I'm interested in testing some Traveling Salesperson (TSP) greedy approximation algorithms for finding the shortest Hamiltonian path for very large graphs. Assume I can construct whatever graph I choose; how could I build a graph with a known shortest Hamiltonian path in polynomial time with edge distances that satisfy the triangle inequality (edited 1/3/2023)?
A trivial way is to create a "straight line" sequence of vertices $v_i$ such that the distance from some vertex $v_i$ to its immediate neighbors $\delta(v_{i-1},v_i) = \delta(v_i,v_{i+1}) = d$ for some constant distance $d$, but that the distance from $v_i$ to all other vertices is greater than $d$. Such a straight line graph is also isomorphic to a "nautilus," wrapping around itself, and other shapes.

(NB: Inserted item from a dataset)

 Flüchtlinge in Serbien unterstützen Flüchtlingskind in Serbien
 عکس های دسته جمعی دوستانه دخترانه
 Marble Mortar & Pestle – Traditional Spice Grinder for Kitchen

The problem is that a greedy algorithm that selects the shortest edge lengths will find the shortest Ham path in this trivial graph in polynomial time. One such algorithm is Krari et al, the Multi-Fragment Tour Construction.

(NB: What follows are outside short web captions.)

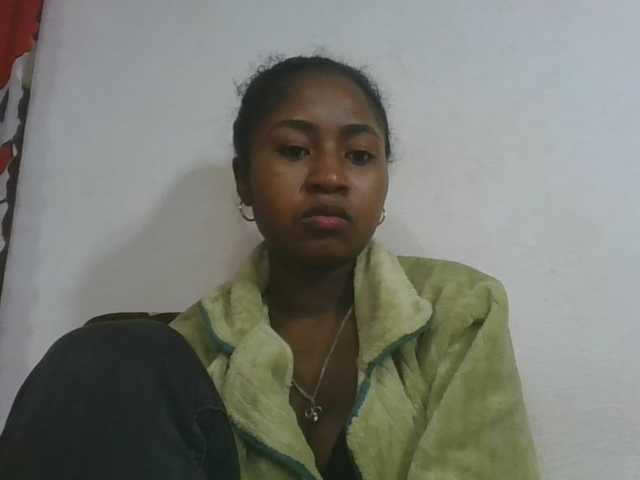 Marinah1a live cam on BongaCams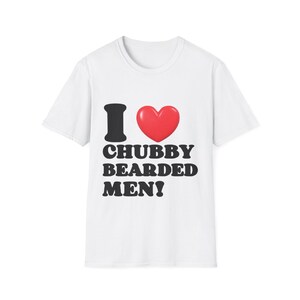 Puede incluir: Camiseta blanca con el texto "I ❤️ CHUBBY BEARDED MEN!" en negro y rojo. La "I" es negra, el corazón es rojo y el resto del texto está en negrita negra. La camiseta es de cuello redondo básico.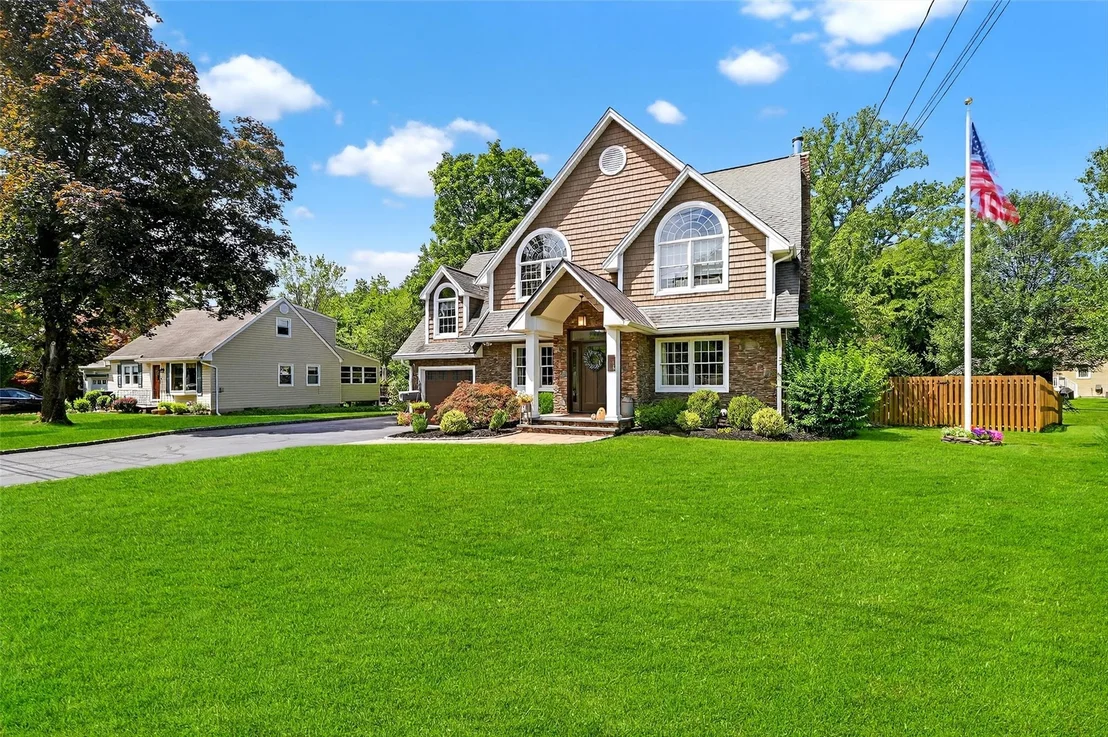 Photo of 13 Villa Drive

What I want is a deterministic polynomial time way to build a non-trivial graph, one where the shortest Hamiltonian path maybe cannot be found in deterministic polynomial time.
Maybe this construction problem itself is NP complete? Can a deterministic polynomial time algorithm create an optimization problem space that cannot be solved in deterministic polynomial time?
Resources
There are a few sites offering data and other information to researchers, indirectly suggesting that this is hard to do, at the least, or maybe not possible.
- The NEOS Server, an online solver that uses Concorde
- TSPLIB collection of data sets for TSP and related problems
- A related gift exchange problem relevant to the holiday season
Triangle Inequality Restriction
As originally asked, a simple algorithm for vertices $v_i, v_{i+1}$ and corresponding edges $e_{i,i+1}$ would be to set edge weight $$e_{i,i+1} \leftarrow 1$$ and $$e_{i,j\neq i+1} \leftarrow 1+\epsilon$$producing the shortest tour as the simple list of vertices $v_0, v_1, v_2, \dots$
However, this violates the triangle inequality which says for weight function $\omega_{i,j}$ as the edge weight/distance between vertices $v_i$ and $v_j$, that $$\omega_{i,j} \leq \omega_{i,k} + \omega_{k,j}$$In plain language, walking directly to the conference takes less time than first walking to the pub and then walking to the conference, unless walking to the conference would take you right past the pub on the way. A counterexample, violating the triangle inequality, is if the walk to the pub were quicker and a bus zipped you from the pub directly to the conference.